Walter Casagrande enfrentou a ditadura militar do Brasil, ao lado de Sócrates e dos restantes companheiros do Corinthians num grande movimento popular, sob ameaças de tortura e prisão, e por isso não entende que os capitães de equipa das principais seleções presentes no Mundial do Qatar tenham recuado na inteção de usar a braçadeira multicolorida, apenas porque a FIFA ameaçou sancioná-los disciplinarmente. Faltou-lhes personalidade e coragem, na opinião do ex-avançado brasileiro, campeão europeu pelo FC Porto em 1987.
“Se Maradona, Cantona, Gullit, Sócrates e eu jogássemos este Mundial, teríamos usado a braçadeira arco-íris”, dispara, numa entrevista ao diário espanhol El País, a partir do Qatar, onde se encontra ao serviço do jornal brasileiro Folha de São Paulo. A batata quente ficaria nas mãos de Gianni Infantino, presidente da FIFA, e não nas dos jogadores que decidissem protestar contra a discriminação de pessoas LGBTQIA+ no país organizador do Campeonato do Mundo. “A FIFA não poderia expulsar Neuer, Mbappé, Messi, Neymar… A ameaça de lhes mostrar um cartão amarelo é bluff.”
Reconhecido ativista, Casagrande, hoje com 59 anos, puxa dos galões perante a falta de desassombro da atual geração de futebolistas, chamando à conversa a famosa Democracia Corinthiana, o movimento criado pelos jogadores do clube brasileiro Corinthians, no início dos anos 1980, para contestar abertamente, e até na rua, a ditadura militar que governava o país.

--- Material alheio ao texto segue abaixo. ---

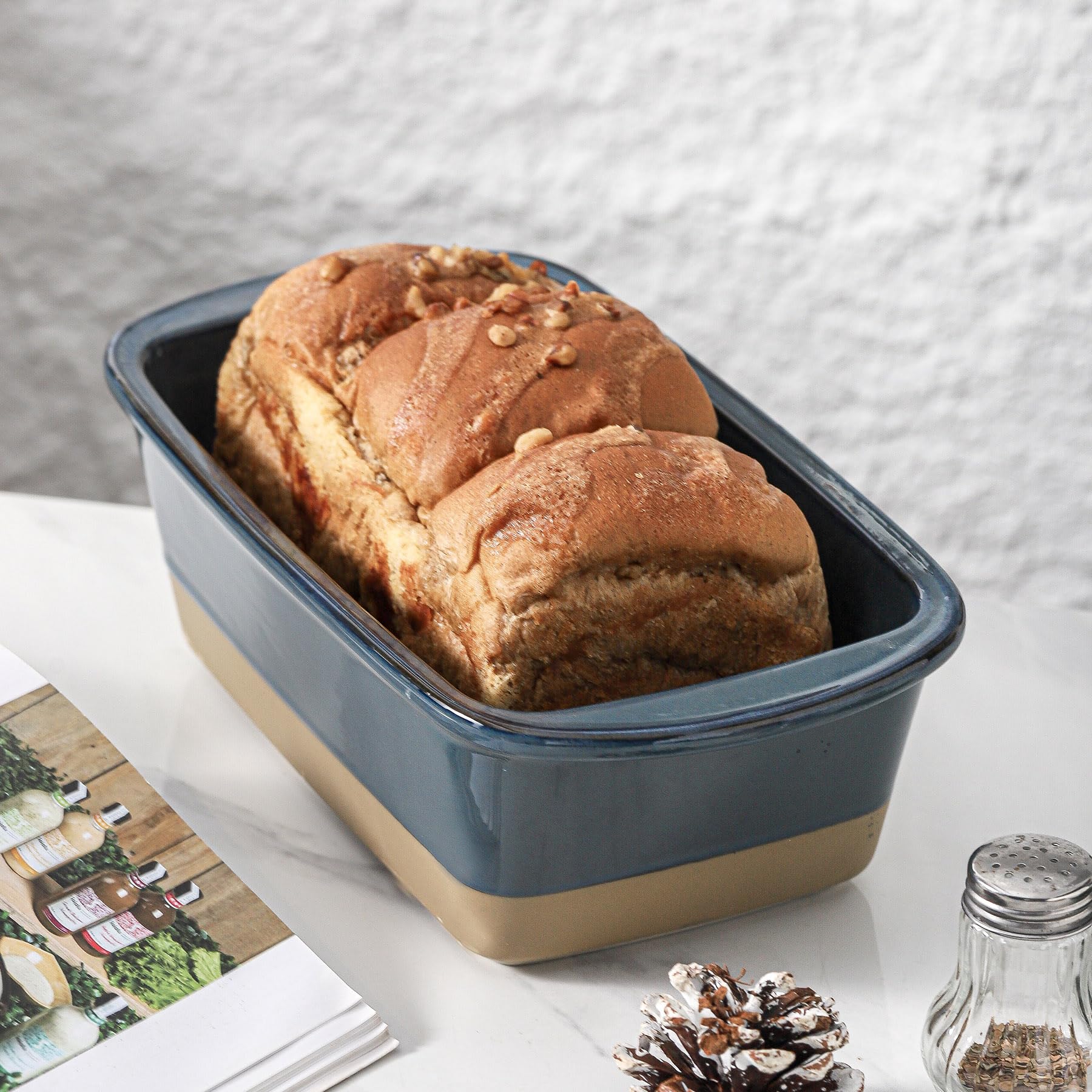 HVH Kastenform aus Keramik, zum Backen von Brot, 22,9 x 12,7 cm, rechteckige Brotform, Brotbackform zum Kochen, Bauernhaus-Stil (blau)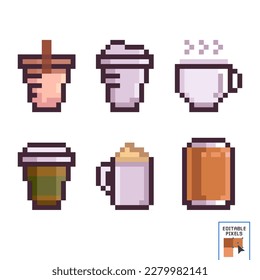 Mug of tea whith teapot and paper cup for coffee and a glass for juice or alcoholic beverages pixel art icons set isolated vector illustration. Element design stickers, logo, mobile app, menu. 8-bit.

Com o “professor” Sócrates à cabeça (o melhor jogador brasileiro daquela época) e aliados de peso como Wladimir e o próprio Casagrande, o balneário do Corinthians introduziu no clube um sistema de uma pessoa, um voto, democratizando quase todas as decisões, inclusive sobre contratações a fazer (também dispensaram os jogadores casados dos estágios antes dos jogos, por exemplo). Não tardaram a surgir mensagens políticas nas camisolas de jogo, com palavras de protesto contra a ditadura. Afinal, todo o movimento era uma forma de exigir democracia no Brasil.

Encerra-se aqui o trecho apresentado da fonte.